I would say that today in the Gen AI world, we're facing a similar moment. It's not about improving the old, which is what a lot of people are focused on, but about identifying the new. As we think about that today, we're going to talk about what you've done with Gen AI and more importantly, who's going to imagine what we have yet to do. For me, that is the most important thing we can take away from this: thinking about what we accomplish. So where do we start? As we think about Gen AI, one of the things I wanted to discuss are the three different levels of Gen AI, which many of you have probably heard about. The three levels are summarizing existing data sets, repacking data into insights, and finding new insights and collaborations. We know that most organizations today—actually 75 percent or more—are focused on the first two. If we use that example of the candle to the light bulb, you'd realize that perhaps the true value is in number three. Numbers one and two are table stakes. I'm not diminishing their importance, but they are table stakes.
Let me unpack this for a moment. How many of you have your greatest ideas baked into a strategy? Your greatest ideas, your most impulsive ideas—do they align to your strategy? Or do they come when you're in the shower or taking a jog or not tethered to your desk? Most of your best ideas actually come from the edges, when you're not thinking about strategy, when you're allowing people to think outside of what they're most known to think about. We tend to run our businesses based on a very regimented strategy. What I will tell you is that this is actually eclipsing numbers one and two. It's not allowing number three to happen at its fullest extent. So we're going to uncover a couple of examples where we might be able to help your organizations look at number three.

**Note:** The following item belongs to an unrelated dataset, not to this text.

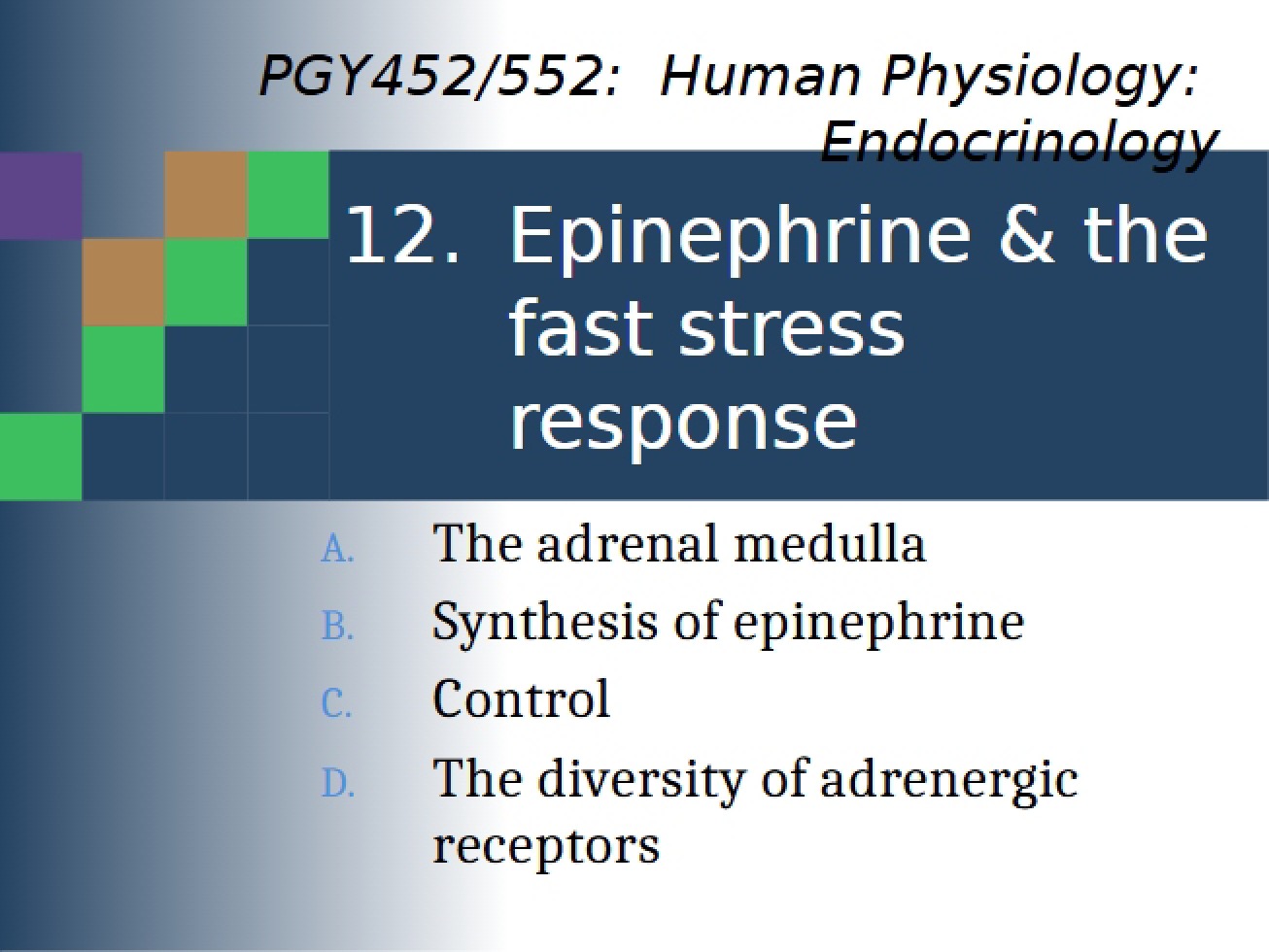 2017 Epinephrine Notes (Topic 12)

Why Organizations Are Stuck in Pilot Purgatory: The Linear Thinking Problem
When we think about the status quo, it's built on linear thinking. If I were to ask how many of you are non-traditional, nonlinear thinkers, a lot of people raise their hands, particularly in the tech field. However, most organizations are not built for nonlinear thinkers. Almost no organizations—I won't say all, but most are not built for nonlinear thinking. When you think about the hard work, how many of you are stuck in pilot purgatory, as everybody likes to call it? Latest statistics would say 95 percent of organizations are stuck in pilot purgatory. I would argue that part of the reason for that is that we haven't done the hard work of actually changing the infrastructure to enable people to think nonlinearly.
Gen AI is built on nonlinear thinking. Everybody's been talking about how we did this with cloud or we did it with cyber. We've done it previously. Those are actually all technologies that are built on linear thinking. They're zeros and ones. They're actually predicting an if-then statement. AI, as we all know, is not. It's an unpredictable learning mechanism. So how is it and why are we surprised that 95 percent of our pilots are stuck in purgatory? They're working on an infrastructure and an organization that's built for linear thinking. So how do we actually disrupt that a bit to enable us to think about the edges and actually do some of the harder work, which again I would argue would be restructuring your organization, restructuring your infrastructure, and unlearning the things that you think you know?
As we think about that, what is this productive unpredictability? I've talked to countless amounts of executives, architects, and humans who are interested in Gen AI. The value of AI is that it actually democratizes innovation. It allows people who don't necessarily need to be coders or thinkers or people educated in AI technology to be able to actually explore.
But when you think about organizations, those organizations aren't necessarily built to envelop that thought. If I were to ask any of you how many of you appreciate diverse thinking, I hope all of you raise your hand and say we appreciate diverse thinking. But the organizations aren't built that way. Performance expectations aren't built that way. Infrastructures aren't built to learn. People aren't built to advance because they think you should have a certain title or a certain role or a certain goal.
All those things put parameters on unpredictable thinking. If we go back to the notion that AI is built on unpredictability and it will truly thrive in unpredictable ways, if the organization and the infrastructure isn't built to support that, we're limiting our thinking. We're limiting our opportunity and we're actually doing things based on what we think we know versus allowing our egos—and I mean that because everybody has an ego, it's a good thing to have egos—to put that aside and unlearn what you think you know.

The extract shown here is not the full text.